> Required work
Apart from the pictures, output all of the records exactly.

> Data in this exercise
————————
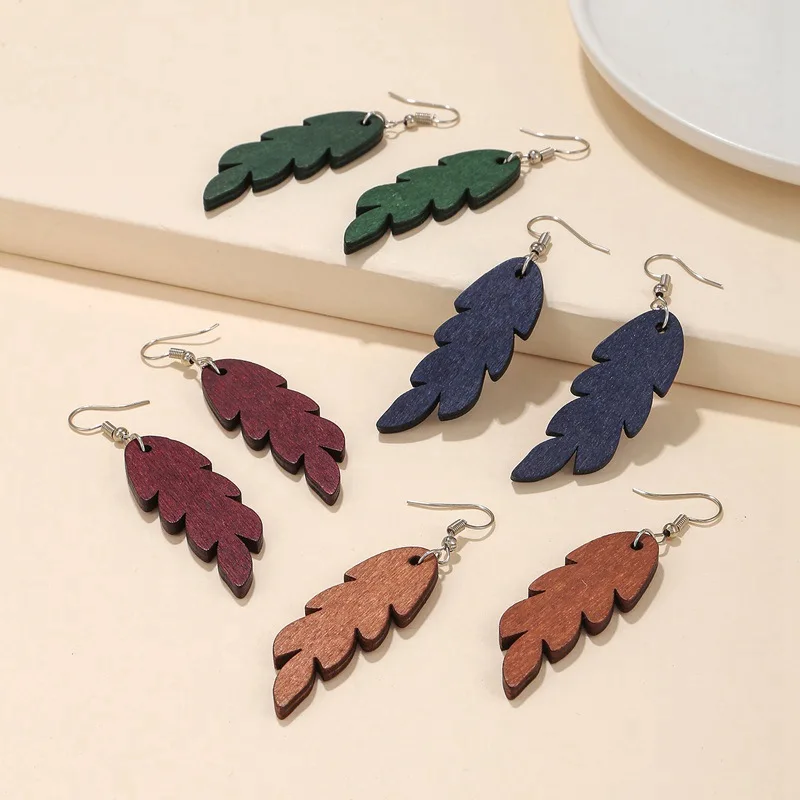 4 Pairs Set Vintage Ethnic Wood  Decoration Pendants Drop Earrings for Women Party Jewelry Gifts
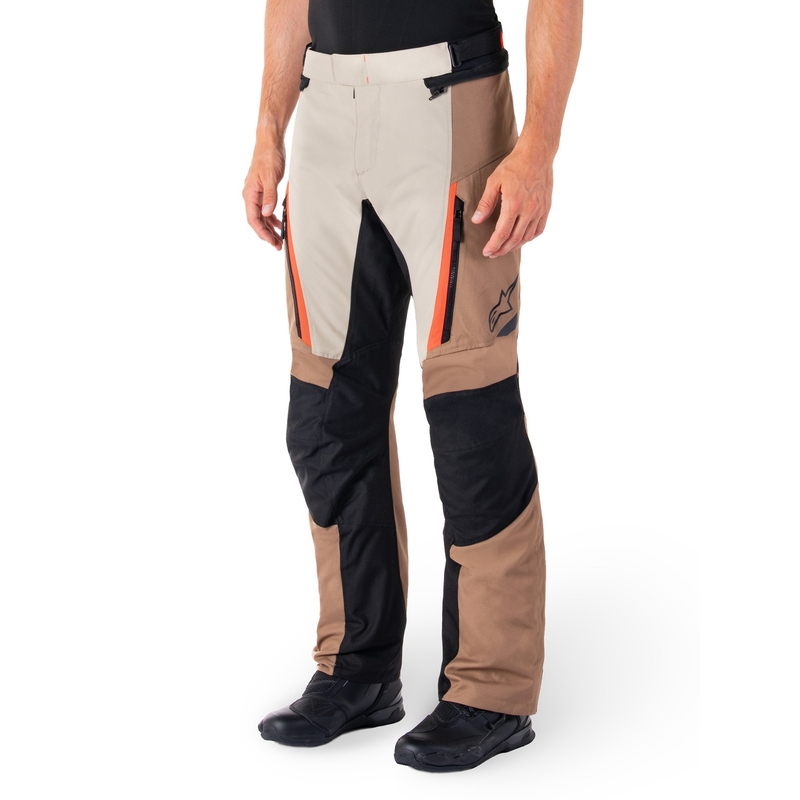 Pantalon moto imperméable Alpinestars ST-1 kaki-sable-noir-rouge fluo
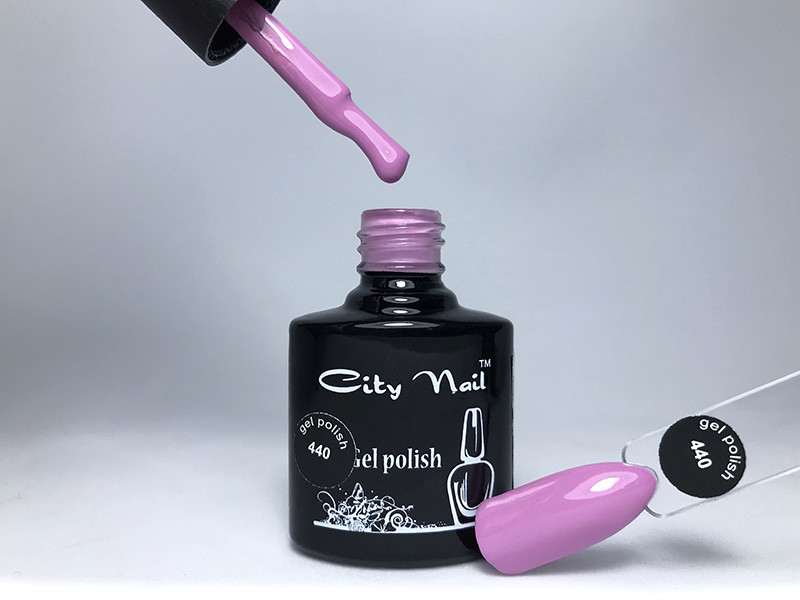 Гель-лак CityNail 440 бузковий - Світло фіолетовий гель лак Ліловий - Професійні лаки для нігтів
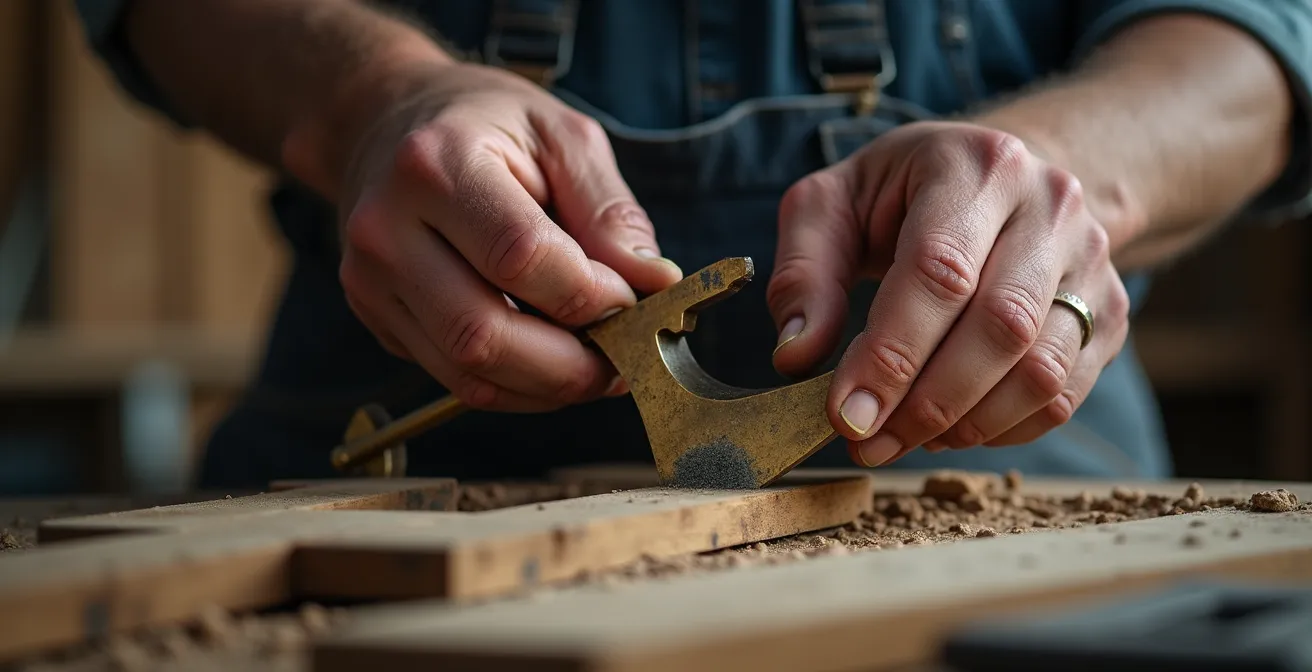 Gros plan sur des mains expertes manipulant des outils de précision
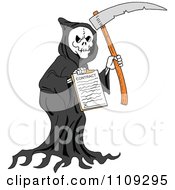 Poster, Art Print Of Grim Reaper Holding A Scythe And Contract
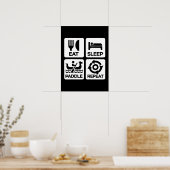 Poster Eat Sleep Paddle Repeat - Dragon Boat Racing (Cuisine)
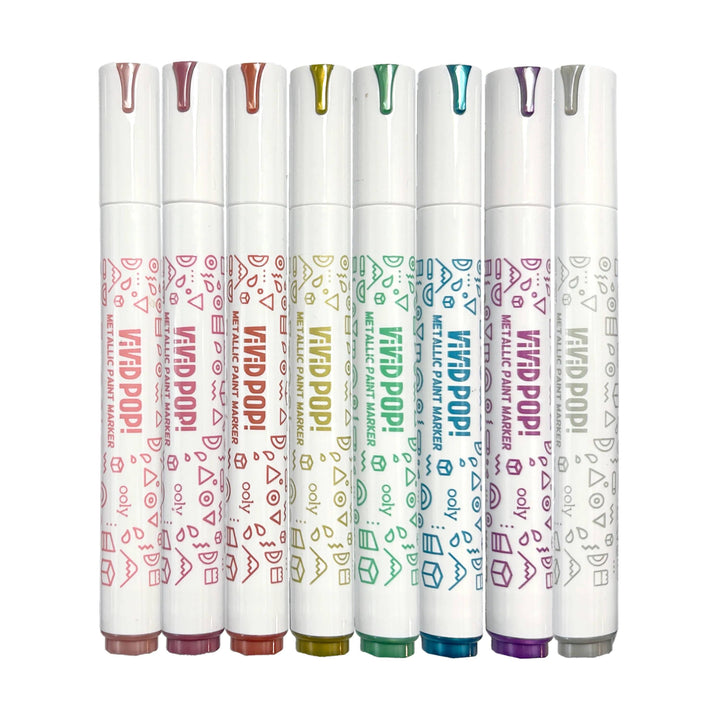 OOLY - Vivid Pop!: Opaque Water-Based Paint Markers - Metallic (Set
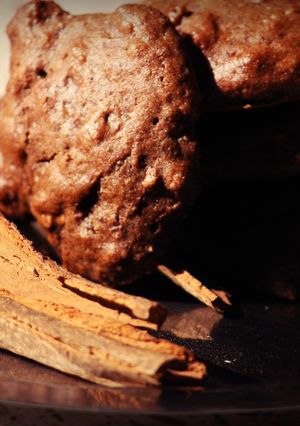 A picture of Cinnamon chocolate cookies with whole wheat flour!.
————————
> Expected answer
 4 Pairs Set Vintage Ethnic Wood  Decoration Pendants Drop Earrings for Women Party Jewelry Gifts
 Pantalon moto imperméable Alpinestars ST-1 kaki-sable-noir-rouge fluo
 Гель-лак CityNail 440 бузковий - Світло фіолетовий гель лак Ліловий - Професійні лаки для нігтів
 Gros plan sur des mains expertes manipulant des outils de précision
 Poster, Art Print Of Grim Reaper Holding A Scythe And Contract
 Poster Eat Sleep Paddle Repeat - Dragon Boat Racing (Cuisine)
 OOLY - Vivid Pop!: Opaque Water-Based Paint Markers - Metallic (Set
 A picture of Cinnamon chocolate cookies with whole wheat flour!.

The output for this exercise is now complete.